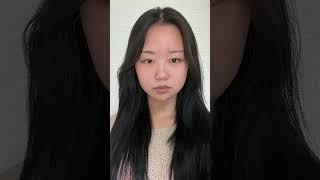 Korean girl before and after double eyelid surgery [upl. by Ennovehc]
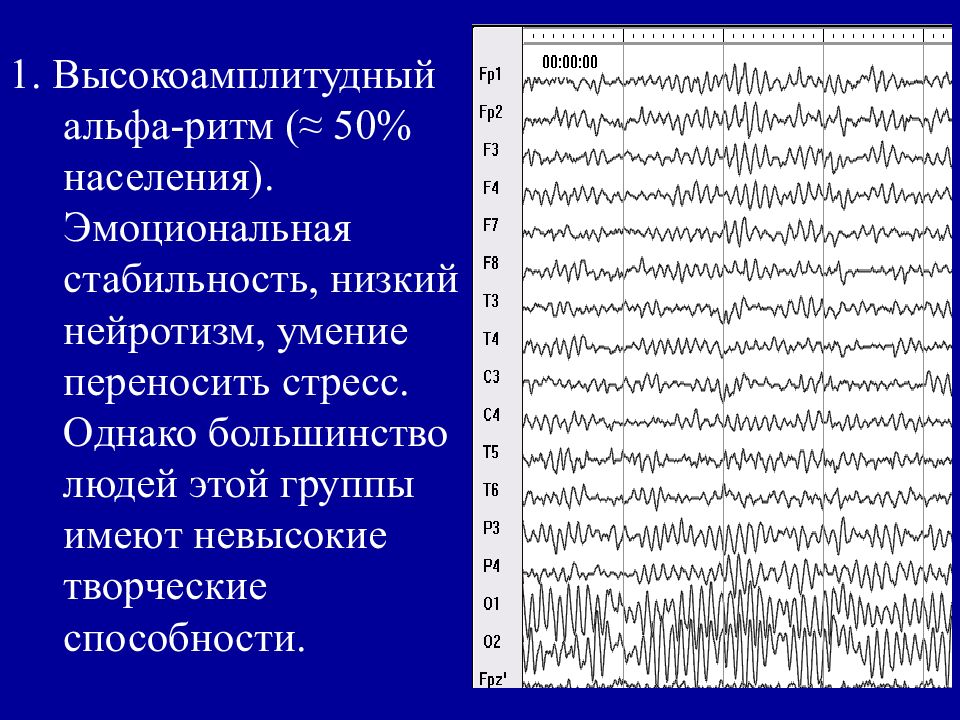 1 нарисовать схему стадий сна по данным ээг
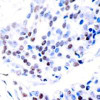 Immunohistochemical analysis of paraffin-embedded human breast carcinoma tissue using c-Jun (Ab-239) .
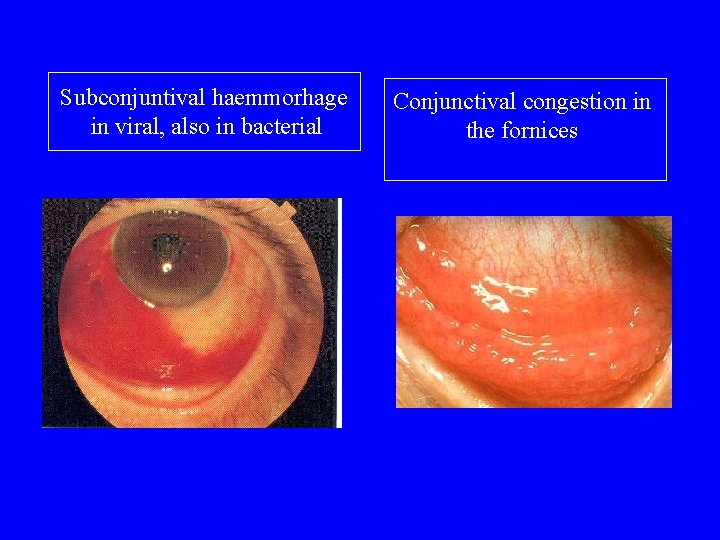 Subconjuntival haemmorhage in viral, also in bacterial Conjunctival congestion in the fornices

ACTIVITY
None of the pictures should be carried over when the data above is transcribed exactly.

YOUR SOLUTION
 Korean girl before and after double eyelid surgery [upl. by Ennovehc]
 1 нарисовать схему стадий сна по данным ээг
 Immunohistochemical analysis of paraffin-embedded human breast carcinoma tissue using c-Jun (Ab-239) .
 Subconjuntival haemmorhage in viral, also in bacterial Conjunctival congestion in the fornices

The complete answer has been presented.